Is the exponential map to the indefinite special orthogonal groups $SO^+(p,q)$ surjective?

Question

Is the exponential map to the identity component of the special indefinite orthogonal groups $$ \mathrm{exp} \colon \mathfrak{so}(p,q) \to SO^+(p,q)$$ surjective?

Answer 1

1. For the special orthogonal group $SO(d)$ and the restricted Lorentz group $SO^+(d,1)\cong SO^+(1,d)$, the exponential maps $$\begin{align}\exp: so(d)~~\longrightarrow~~& SO(d), \cr \exp: so(d,1)~~\longrightarrow~~& SO^+(d,1),\end{align}\tag{1} $$ are surjective. See also this related Phys.SE post and links therein.

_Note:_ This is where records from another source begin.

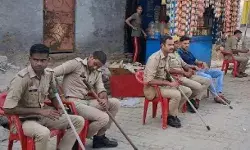 जुलूस निकालकर बवाल काटने वाले अब घर छोड़कर भागे- गांव में सन्नाटा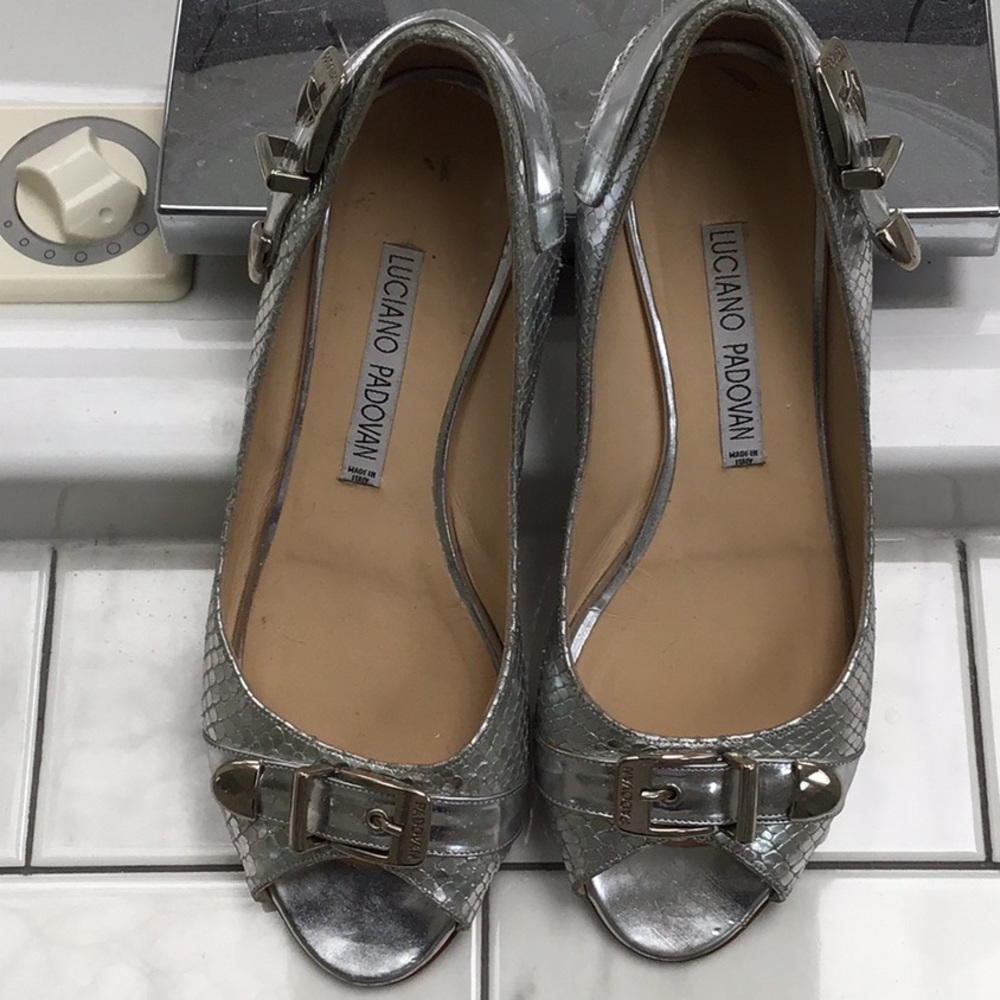 🟡🟡Silver Luciano Padovan flats sz 6🟡🟡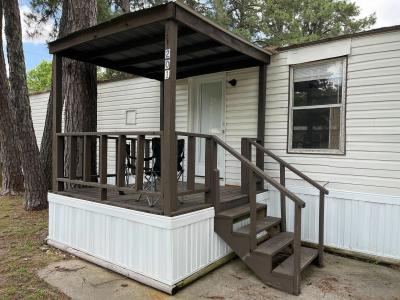 Photo 3 of 23 of home located at 201 Peggy #Pg201 Conroe, TX 77301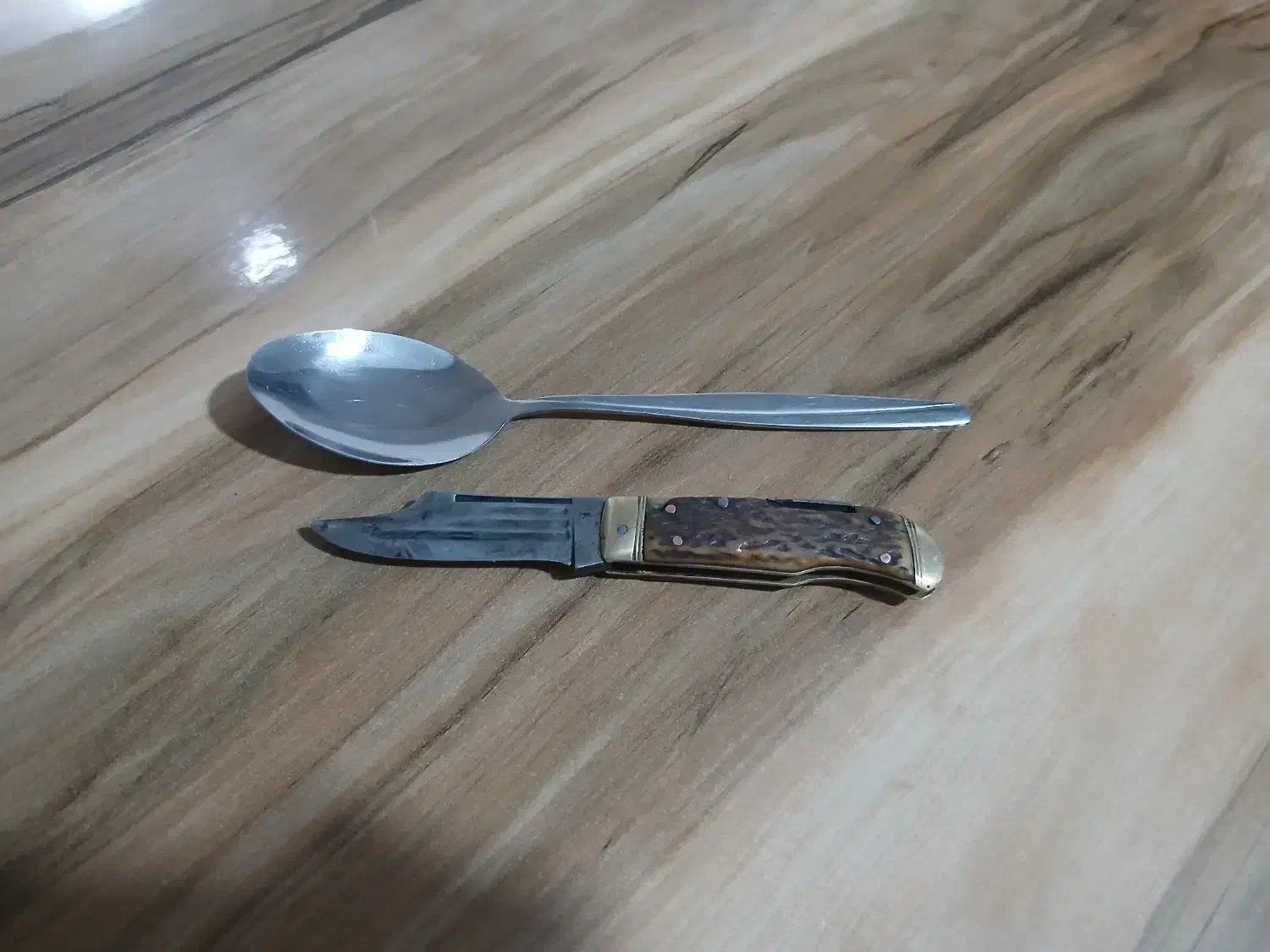 چاقوی گوزن دسته قدیمی|کلکسیون اشیاء عتیقه|زنجان, |دیوار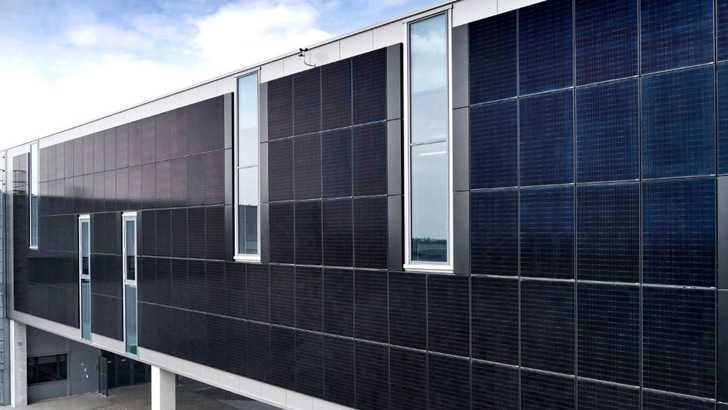 The solar façades are integrated into the entrance area of the plant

2. Simplest counterexample. The exponential map $$\exp: sl(2,\mathbb{R})\oplus sl(2,\mathbb{R})~~\longrightarrow~~ SL(2,\mathbb{R})\times SL(2,\mathbb{R})\tag{2} $$ for the split group $$SO^+(2,2)~\cong~[SL(2,\mathbb{R})\times SL(2,\mathbb{R})]/\mathbb{Z}_2 \tag{3}$$ is not surjective. Here the $\mathbb{Z}_2$-action identifies $$\begin{align} (g_L,g_R)~~\sim~~&(-g_L,-g_R), \cr g_L,g_R~\in~& SL(2,\mathbb{R})~:=~\{g\in {\rm Mat}_{2\times 2}(\mathbb{R}) \mid \det g~=~1\}.\end{align}\tag{4}$$ One may show that a pair $$(g_L,g_R)~\in~SL(2,\mathbb{R})\times SL(2,\mathbb{R})\tag{5}$$ with $${\rm tr}(g_L)<-2\quad\text{and}\quad{\rm tr}(g_R)>2\tag{6}$$ (or vice-versa $L\leftrightarrow R$) is not in the image of the exponential map, even after $\Bbb{Z}_2$-modding.

3. More generally, one may prove for the indefinite orthogonal groups $SO^+(p,q)$, where $p,q\geq 2$, that the exponential map $$\exp: so(p,q)~~\longrightarrow~~ SO^+(p,q)\tag{7} $$ is not surjective, cf. e.g. Ref. 1.

References:

1. D.Z. Dokovic & K.H. Hofmann, Journal of Lie Theory 7 (1997) 171. The pdf file is available here.